═══ DATASET RECORDS

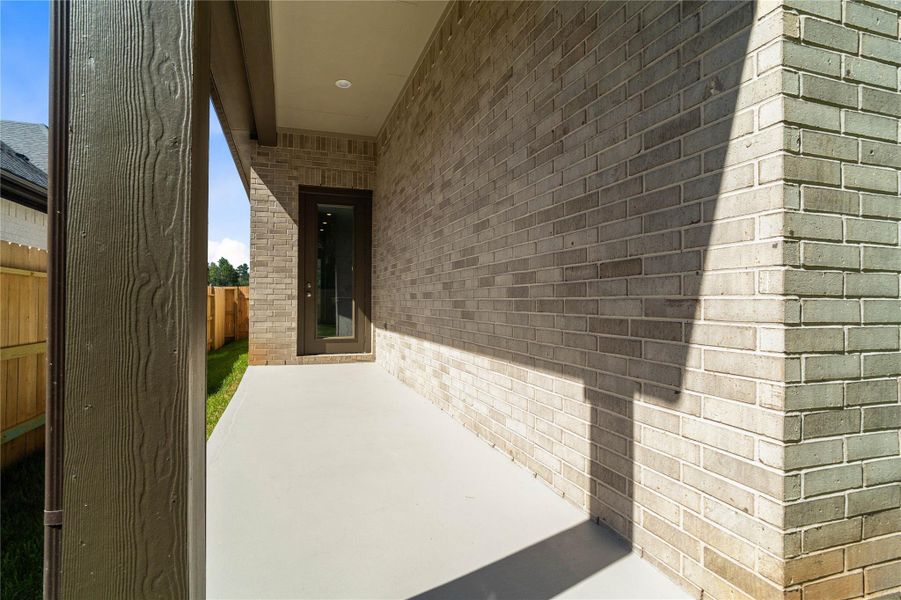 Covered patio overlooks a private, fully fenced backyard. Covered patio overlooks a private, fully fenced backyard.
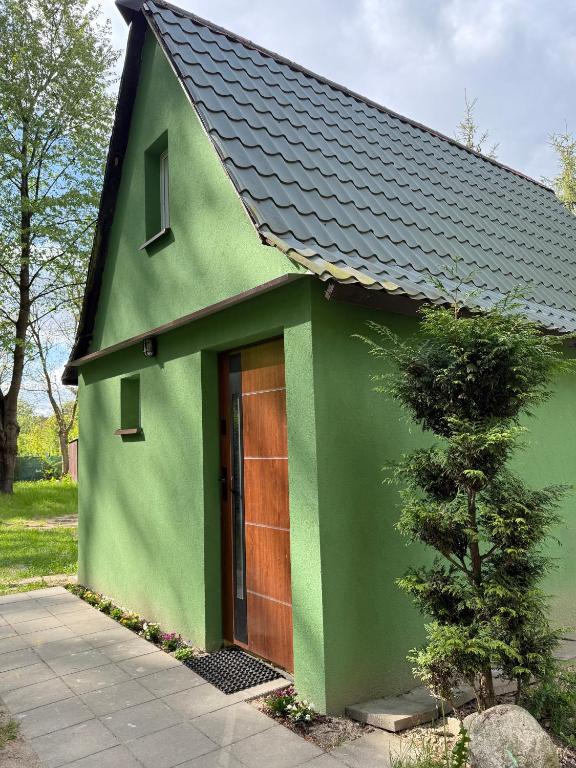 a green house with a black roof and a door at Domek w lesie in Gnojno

══════
═══ DATASET RECORDS

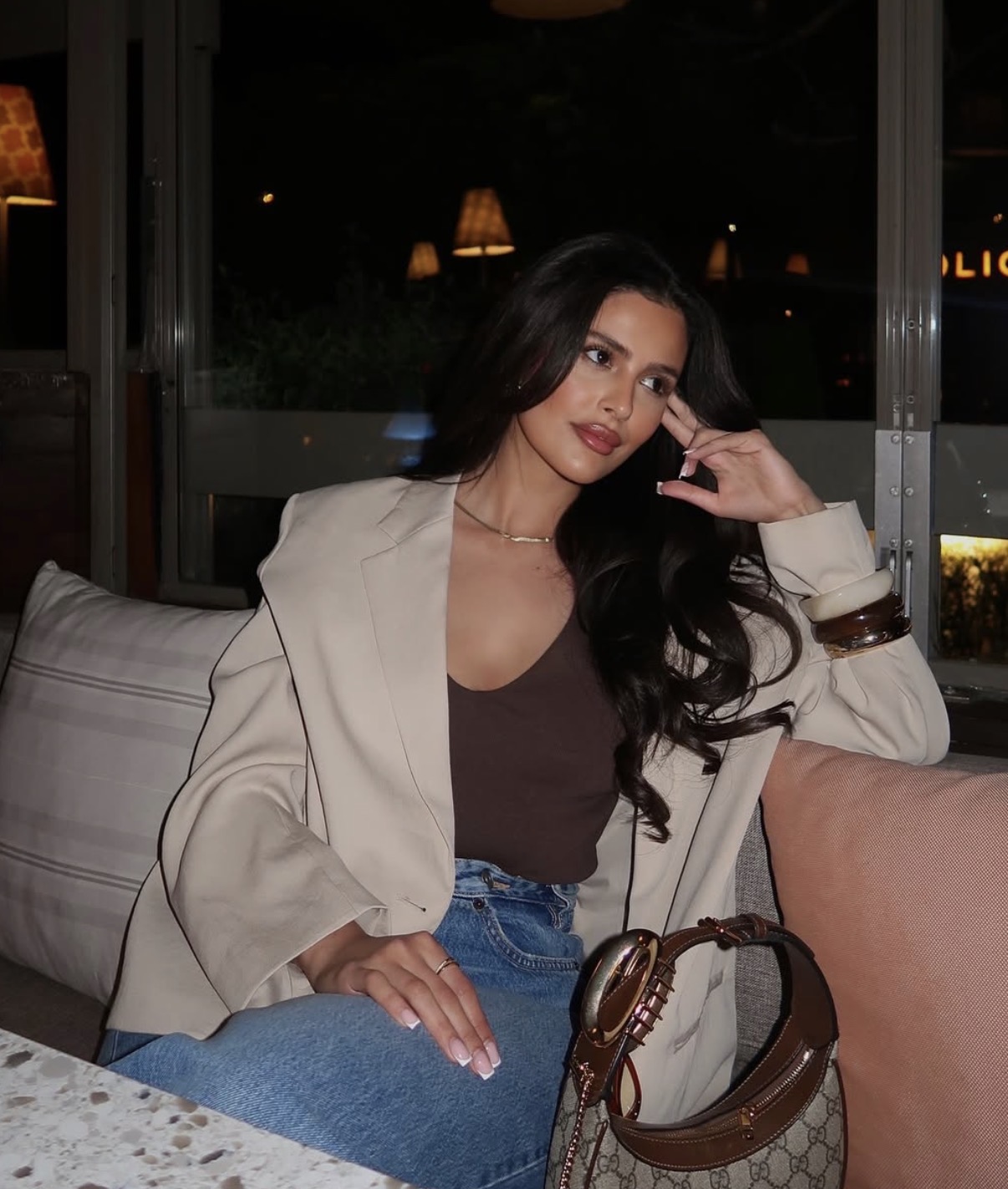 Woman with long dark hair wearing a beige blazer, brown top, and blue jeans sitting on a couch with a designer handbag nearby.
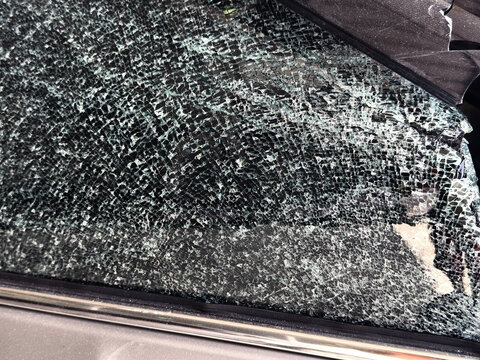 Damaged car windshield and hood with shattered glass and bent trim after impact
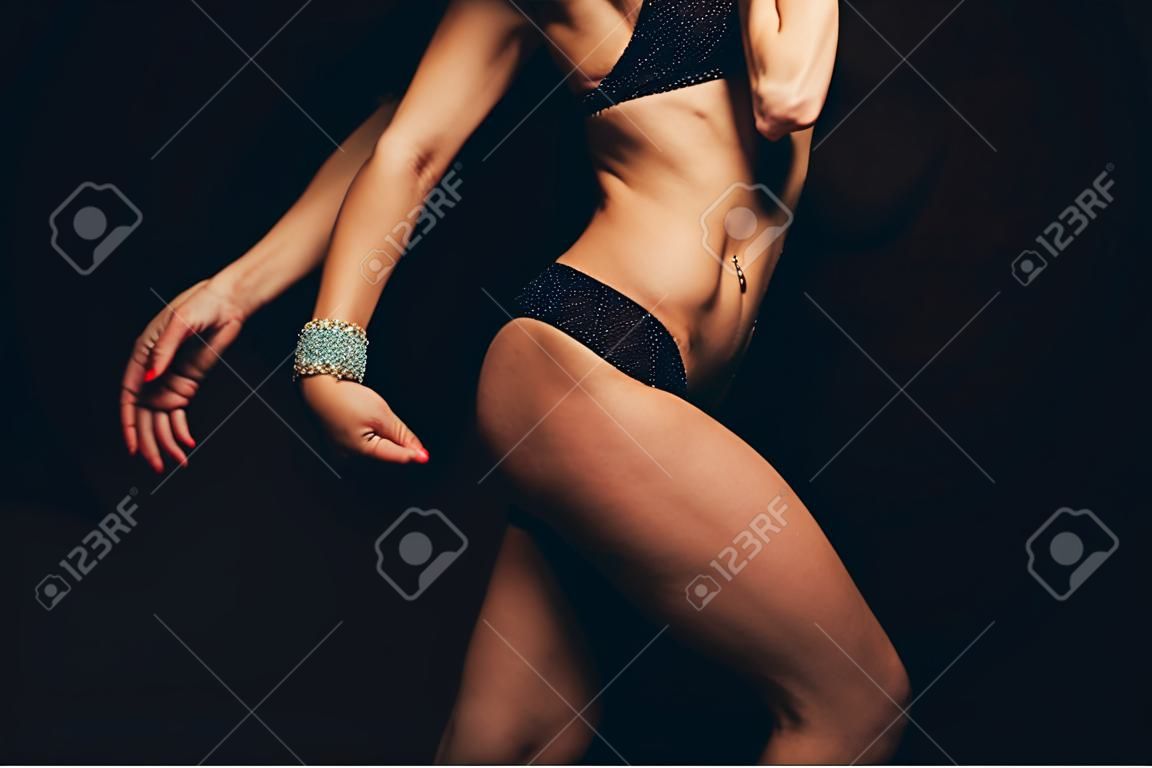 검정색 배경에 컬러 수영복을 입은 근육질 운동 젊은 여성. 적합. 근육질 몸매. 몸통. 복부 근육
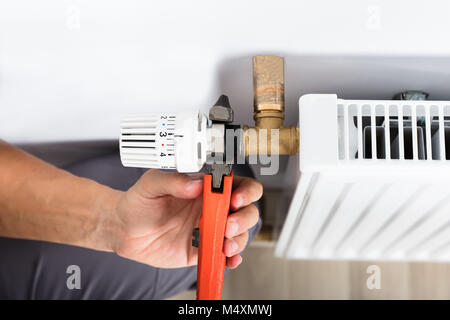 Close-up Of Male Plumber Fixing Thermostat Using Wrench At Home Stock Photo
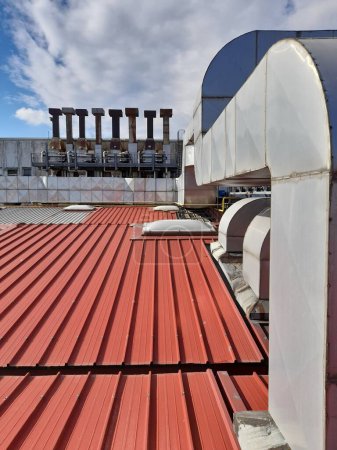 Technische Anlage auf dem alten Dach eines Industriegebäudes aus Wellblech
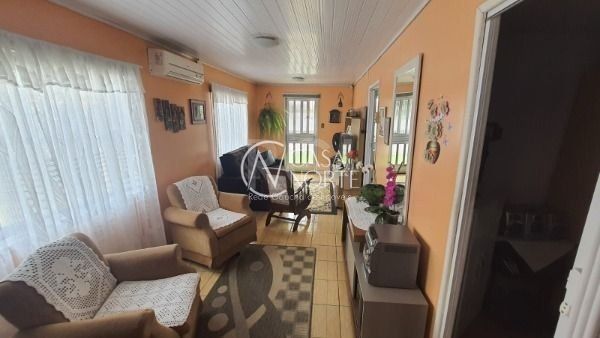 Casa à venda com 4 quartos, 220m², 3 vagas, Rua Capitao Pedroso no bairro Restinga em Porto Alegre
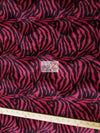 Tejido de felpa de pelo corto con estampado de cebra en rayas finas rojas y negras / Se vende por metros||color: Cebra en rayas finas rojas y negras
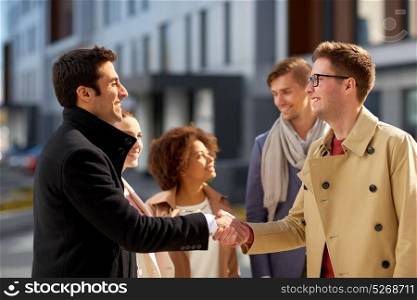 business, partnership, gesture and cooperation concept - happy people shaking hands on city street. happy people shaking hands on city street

══════
═══ DATASET RECORDS

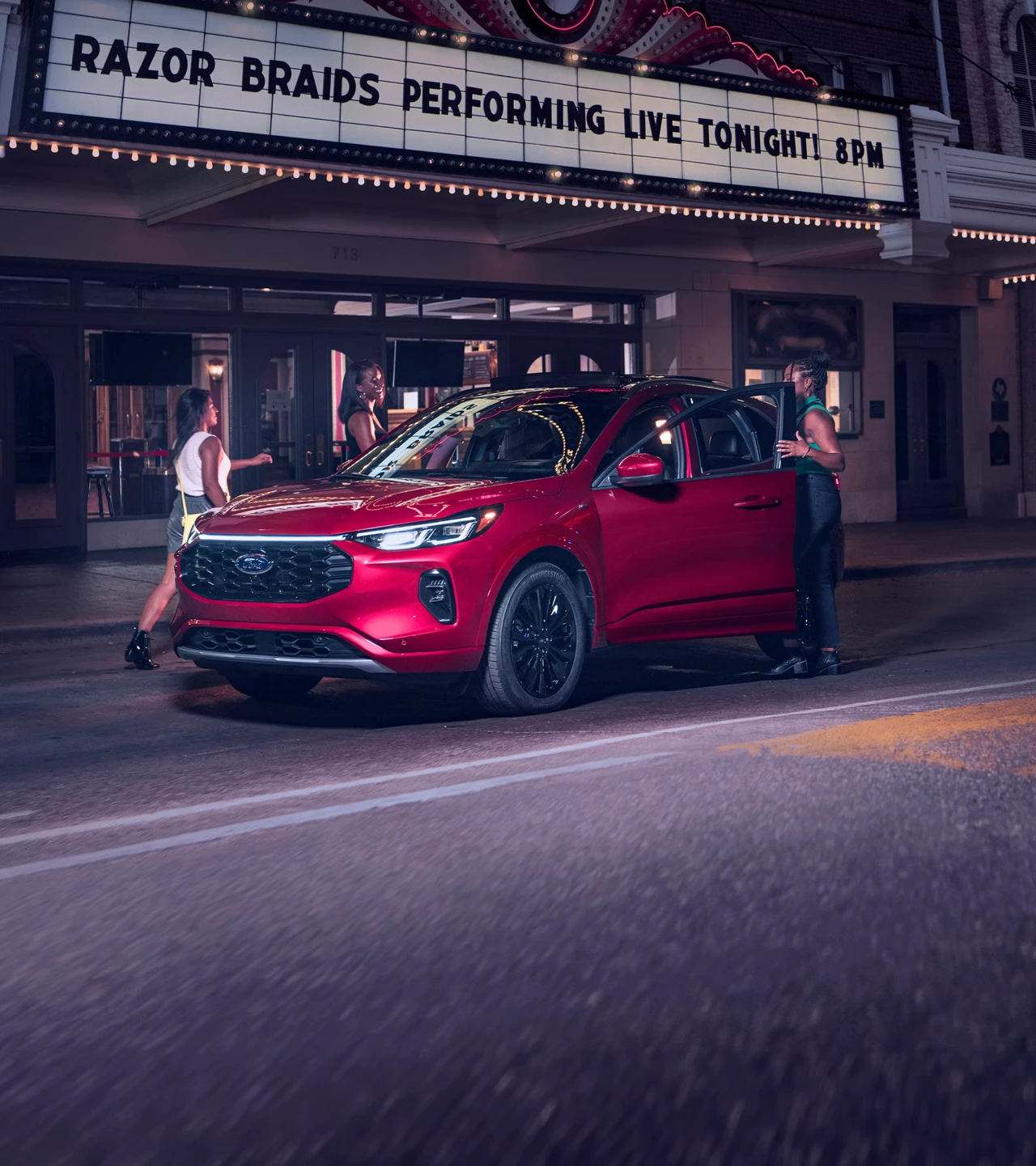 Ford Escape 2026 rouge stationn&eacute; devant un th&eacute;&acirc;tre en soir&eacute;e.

══════

--- WORK REQUIRED ---
Using the data above, copy exactly the lines from the one containing "검정색 배경에 컬러 수영복을" to the one containing "business, partnership, gesture", inclusive. Exclude the pictures.

--- RESULT FOR THIS EXERCISE ---
 검정색 배경에 컬러 수영복을 입은 근육질 운동 젊은 여성. 적합. 근육질 몸매. 몸통. 복부 근육
 Close-up Of Male Plumber Fixing Thermostat Using Wrench At Home Stock Photo
 Technische Anlage auf dem alten Dach eines Industriegebäudes aus Wellblech
 Casa à venda com 4 quartos, 220m², 3 vagas, Rua Capitao Pedroso no bairro Restinga em Porto Alegre
 Tejido de felpa de pelo corto con estampado de cebra en rayas finas rojas y negras / Se vende por metros||color: Cebra en rayas finas rojas y negras
 business, partnership, gesture and cooperation concept - happy people shaking hands on city street. happy people shaking hands on city street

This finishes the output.